The validity of GIS-based tools, such as Google Maps or Google Street View, has been evaluated in high-income countries against primary data collection (field audits or street audits) [6, 13, 14]. For instance, one study from Norway found a moderate to almost perfect validity [13], and another study from Spain observed a high level of agreement to characterize food stores [14]. In Latin America, a recent study in Brazil used a tool to mine the community food retail through Google Earth (GE) and found moderate to excellent validity compared to ground-truth data [15]. This study showed promise, yet, it was restricted to two urban territories in Brazil as it would require considerable financing to conduct a nationally representative validation. Further assessments in other Latin American countries and larger areas are needed to inform those countries without primary data on food availability about the potential validity of GIS-based tools considering the economic and social context of Latin America. In particular, validation or agreement studies need to consider differences across territories in socioeconomic deprivation, considering that crowdsourced data requires access to smartphones and internet infrastructure, as well as community participation to be up to date and complete [16]. This is important since people in vulnerable areas probably collaborate less with Google, meaning they do not upload data about the establishments as much as people in more affluent areas.

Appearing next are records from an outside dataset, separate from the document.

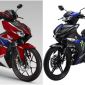 Chi tiết Honda Winner X đối đầu Yamaha Exciter 2020: Ai mới thực sự là ông Hoàng xe côn tay?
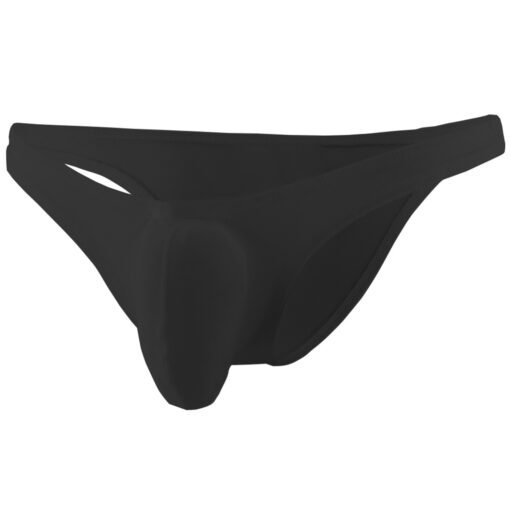07401- Men's Thong Underwear - Image 4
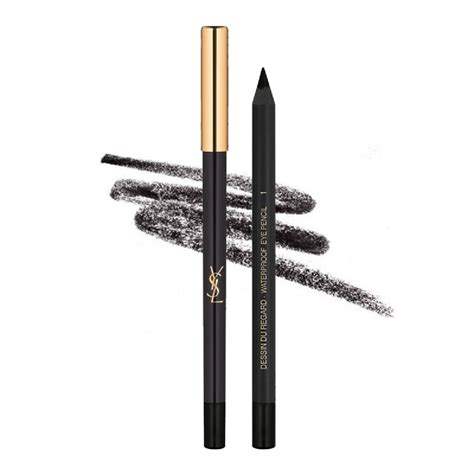 boots ysl eye pencil|Yves Saint Laurent Eye Makeup .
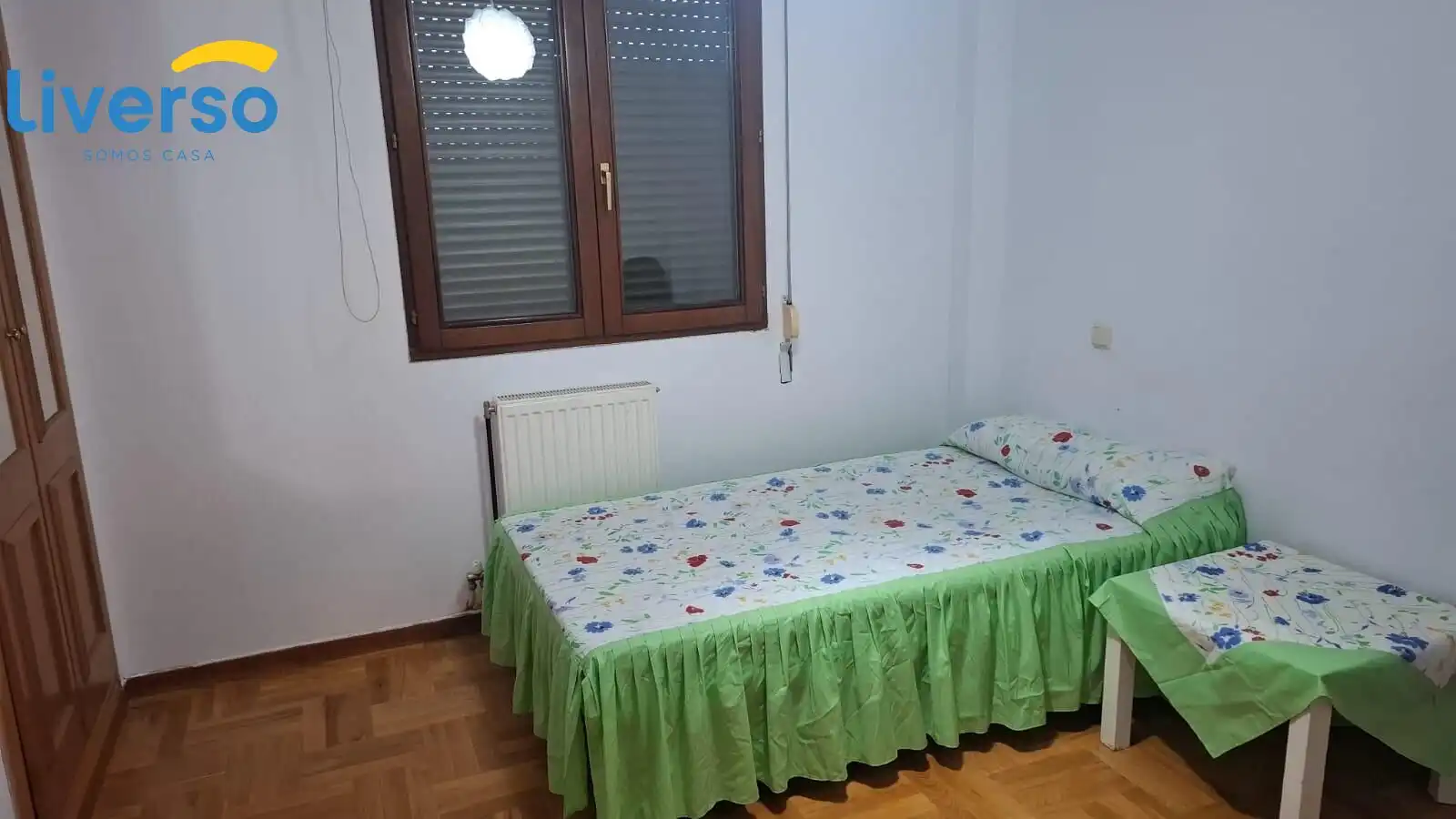 Houses for rent in Calle EL MIRADOR, Arcos
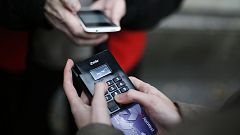 Τέλος στις συναλλαγές με μετρητά - Ηλεκτρονικό μπλόκο στην κλοπή του ΦΠΑ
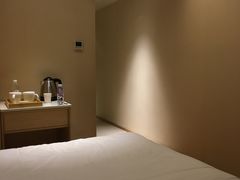 -全季酒店(石家庄裕华东路万达广场店)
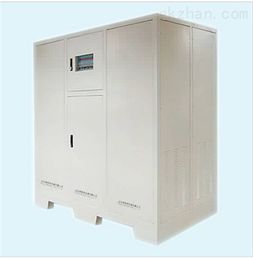西安奧盈電氣設備有限責任公司 引領50/60Hz變頻電源技術，賦能機械電氣設備新未來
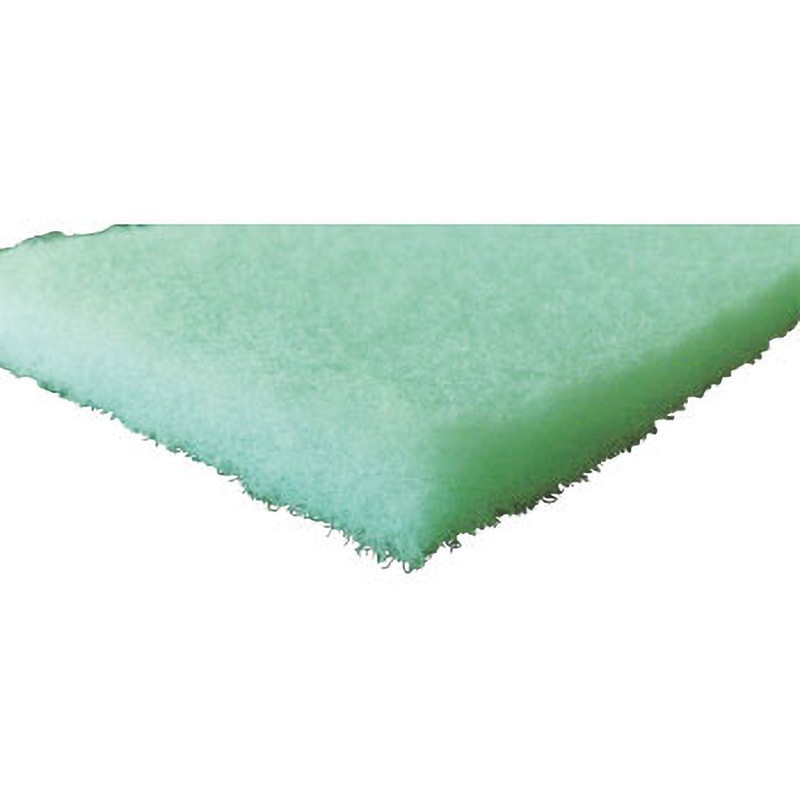 KOHKIN250500500 抗菌・抗カビ プレフィルター 1セット(50枚) 旭化成商事 【通販モノタロウ】 31,187円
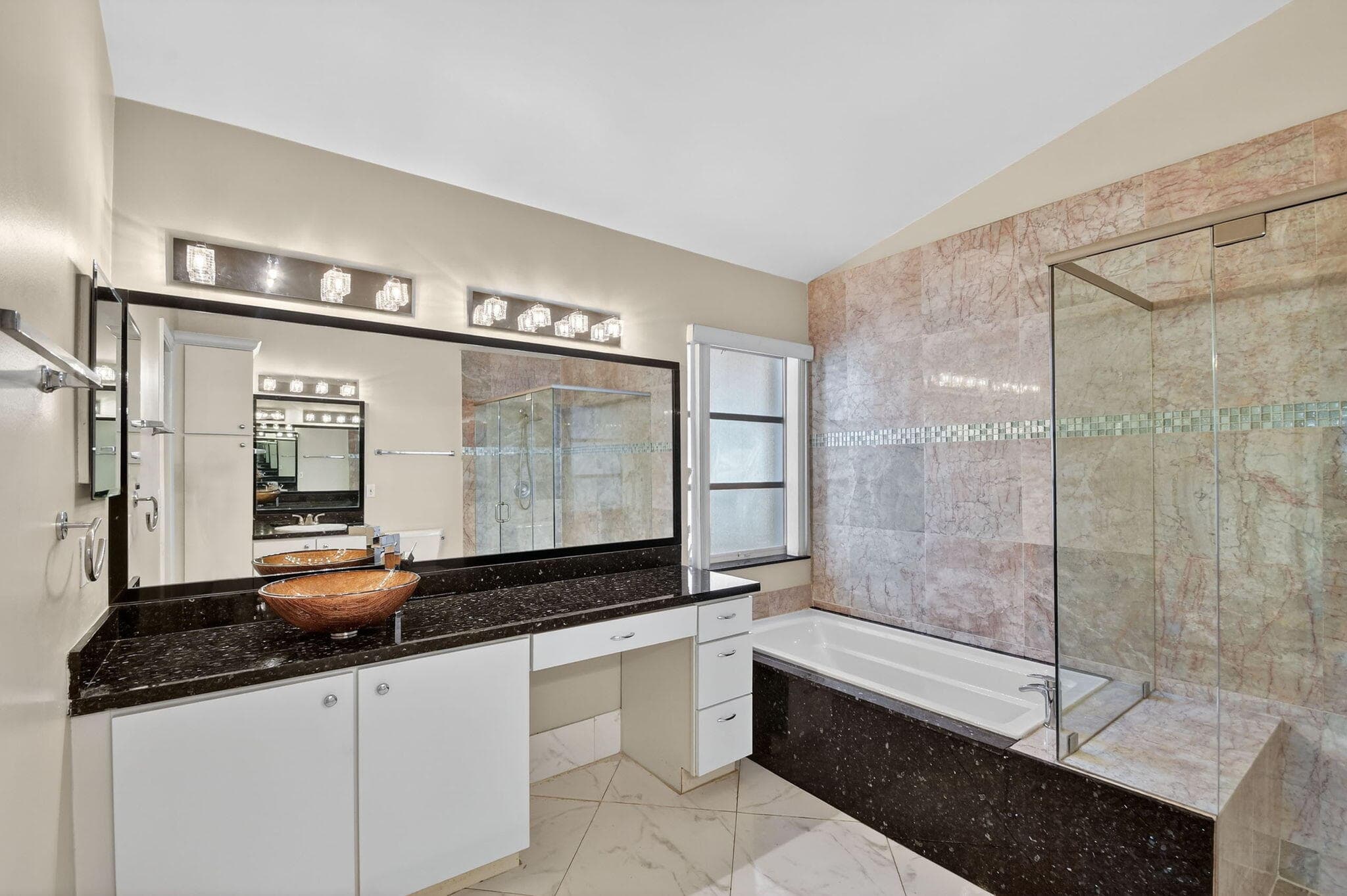 7891 Sailing Shores Terrace 7891, Boynton Beach, FL 33437 — photo 17 of 45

Taking advantage of the rich food outlet publicly available administrative data in Mexico which represents a reliable source of information with regular ground-truthing by government officials, we aimed to assess the agreement in the density of food outlets provided by Google against the density obtained from the National Institute of Statistics and Geography of Mexico during economic censuses. We also determined whether the agreement differed by type of food outlet and by area-level socioeconomic deprivation. We hypothesized that the agreement of food retail data collected from Google Maps would be comparable to the agreement of food retail data from an administrative dataset overall, but that the agreement would be better in less deprived areas than in more deprived areas.

Methods

Study setting and sample

To maximize the variability of living conditions that could affect the quality of data in Google Maps we selected four municipalities from Mexico, each from one region of the country: Hermosillo from the North, Leon from the Center, Tlalpan from Mexico City, and Oaxaca de Juarez from the South. Hermosillo, located in the state of Sonora, has an estimated population of 936,263 inhabitants and covers an area of 16,955 km2. Leon, in Guanajuato, covers an area of 1,221 km2 and an estimated population of 1,721,215. Tlalpan is in Mexico City and has a population of 699,928 living in an area of 314 km2. The municipality of Oaxaca de Juarez is in the state of Oaxaca, with an estimated population of 270,955 and an area of 89 km2. The estimated population size and land area were obtained from the 2020 National Census [17] and the 2019 Geostatistical framework, respectively [18]. Also, we selected these municipalities to have variability in economic conditions, internet infrastructure and use of cell phones. The Gross Domestic Product (GDP) in 2020 from Mexico City was the highest (3,464,828 million MXN) followed by Guanajuato (949,404 million MXN), Sonora (784,273 million MXN), and Oaxaca de Juarez (352,163 million MXN) [19]. The highest proportion of internet users was found in Mexico City (84.4%), followed by Sonora (82.9%), Guanajuato (67.3%), and Oaxaca de Juarez (55.0%). Overall, 96.0% of internet users connected through a smartphone [20].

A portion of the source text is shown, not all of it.